Source material Block Start

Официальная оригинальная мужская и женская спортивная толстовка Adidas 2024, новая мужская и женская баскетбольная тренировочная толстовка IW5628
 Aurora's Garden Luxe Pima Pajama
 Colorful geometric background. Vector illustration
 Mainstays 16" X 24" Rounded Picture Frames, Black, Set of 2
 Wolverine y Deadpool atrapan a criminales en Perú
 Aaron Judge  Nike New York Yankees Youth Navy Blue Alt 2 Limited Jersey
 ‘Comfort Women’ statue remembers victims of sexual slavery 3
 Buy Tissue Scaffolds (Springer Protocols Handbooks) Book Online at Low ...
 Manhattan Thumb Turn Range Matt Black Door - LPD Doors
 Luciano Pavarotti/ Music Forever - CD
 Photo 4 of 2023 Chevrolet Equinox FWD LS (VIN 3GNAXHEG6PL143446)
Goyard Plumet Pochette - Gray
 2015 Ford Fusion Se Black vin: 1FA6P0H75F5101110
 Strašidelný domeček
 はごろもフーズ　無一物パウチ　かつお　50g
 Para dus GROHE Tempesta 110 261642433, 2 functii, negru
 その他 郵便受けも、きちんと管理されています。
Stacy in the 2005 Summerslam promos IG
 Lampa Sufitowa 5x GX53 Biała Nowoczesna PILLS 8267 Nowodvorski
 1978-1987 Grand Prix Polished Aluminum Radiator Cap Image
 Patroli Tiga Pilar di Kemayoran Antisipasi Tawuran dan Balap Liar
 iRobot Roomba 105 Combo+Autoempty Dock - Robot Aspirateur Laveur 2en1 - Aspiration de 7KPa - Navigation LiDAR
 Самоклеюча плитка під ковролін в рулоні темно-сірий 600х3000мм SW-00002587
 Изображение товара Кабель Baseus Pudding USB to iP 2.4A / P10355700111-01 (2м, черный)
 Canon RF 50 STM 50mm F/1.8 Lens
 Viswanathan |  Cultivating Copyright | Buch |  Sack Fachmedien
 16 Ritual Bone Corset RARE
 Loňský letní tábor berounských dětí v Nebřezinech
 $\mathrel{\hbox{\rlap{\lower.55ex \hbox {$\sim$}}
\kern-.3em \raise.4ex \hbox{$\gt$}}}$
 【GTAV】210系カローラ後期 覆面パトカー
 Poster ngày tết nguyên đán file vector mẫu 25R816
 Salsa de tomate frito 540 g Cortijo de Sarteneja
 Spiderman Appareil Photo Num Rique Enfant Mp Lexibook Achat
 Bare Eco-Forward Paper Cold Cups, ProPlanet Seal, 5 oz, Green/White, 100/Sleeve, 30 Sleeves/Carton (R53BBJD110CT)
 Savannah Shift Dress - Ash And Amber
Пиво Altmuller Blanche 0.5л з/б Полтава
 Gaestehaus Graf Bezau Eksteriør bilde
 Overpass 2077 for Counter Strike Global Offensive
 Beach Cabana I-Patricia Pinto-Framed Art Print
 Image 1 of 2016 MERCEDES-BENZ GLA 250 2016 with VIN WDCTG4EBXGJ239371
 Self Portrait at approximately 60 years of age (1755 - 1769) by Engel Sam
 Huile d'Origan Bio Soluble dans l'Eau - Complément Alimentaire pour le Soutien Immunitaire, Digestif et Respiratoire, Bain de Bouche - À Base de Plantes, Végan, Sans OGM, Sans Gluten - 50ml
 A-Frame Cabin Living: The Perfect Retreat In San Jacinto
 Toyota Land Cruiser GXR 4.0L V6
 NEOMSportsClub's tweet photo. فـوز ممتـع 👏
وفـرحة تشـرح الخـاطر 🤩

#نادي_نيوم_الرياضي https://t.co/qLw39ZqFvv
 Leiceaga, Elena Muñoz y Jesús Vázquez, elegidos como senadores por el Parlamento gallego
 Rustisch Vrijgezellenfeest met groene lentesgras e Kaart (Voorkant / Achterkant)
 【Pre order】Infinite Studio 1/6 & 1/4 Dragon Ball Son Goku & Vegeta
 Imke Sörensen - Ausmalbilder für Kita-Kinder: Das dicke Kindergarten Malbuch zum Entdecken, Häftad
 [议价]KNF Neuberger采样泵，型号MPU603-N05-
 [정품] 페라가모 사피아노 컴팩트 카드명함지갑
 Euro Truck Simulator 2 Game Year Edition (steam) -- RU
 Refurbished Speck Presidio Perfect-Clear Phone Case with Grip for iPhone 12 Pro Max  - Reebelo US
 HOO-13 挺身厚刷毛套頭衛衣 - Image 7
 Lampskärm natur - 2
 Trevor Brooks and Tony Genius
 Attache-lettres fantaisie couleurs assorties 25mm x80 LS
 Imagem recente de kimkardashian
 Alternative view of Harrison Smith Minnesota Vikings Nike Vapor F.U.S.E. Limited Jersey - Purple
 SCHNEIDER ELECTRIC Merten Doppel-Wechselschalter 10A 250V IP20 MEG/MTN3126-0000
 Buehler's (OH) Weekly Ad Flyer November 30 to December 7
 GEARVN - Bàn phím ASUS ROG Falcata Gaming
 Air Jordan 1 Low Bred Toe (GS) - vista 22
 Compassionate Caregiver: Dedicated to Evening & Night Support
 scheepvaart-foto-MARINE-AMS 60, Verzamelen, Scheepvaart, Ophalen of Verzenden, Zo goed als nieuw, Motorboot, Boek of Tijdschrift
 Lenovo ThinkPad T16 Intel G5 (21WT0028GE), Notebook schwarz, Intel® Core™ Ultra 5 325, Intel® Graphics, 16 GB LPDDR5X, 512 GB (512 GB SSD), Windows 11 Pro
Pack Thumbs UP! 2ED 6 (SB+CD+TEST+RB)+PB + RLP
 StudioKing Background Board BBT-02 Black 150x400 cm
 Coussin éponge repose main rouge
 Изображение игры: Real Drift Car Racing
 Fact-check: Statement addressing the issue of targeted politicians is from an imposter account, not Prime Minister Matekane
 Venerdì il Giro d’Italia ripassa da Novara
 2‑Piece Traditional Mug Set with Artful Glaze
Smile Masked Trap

Source material Block End

> _What to work on_
Count the lines of the records that include the word "Jersey", please, and report the number alone.

> _Task response_
2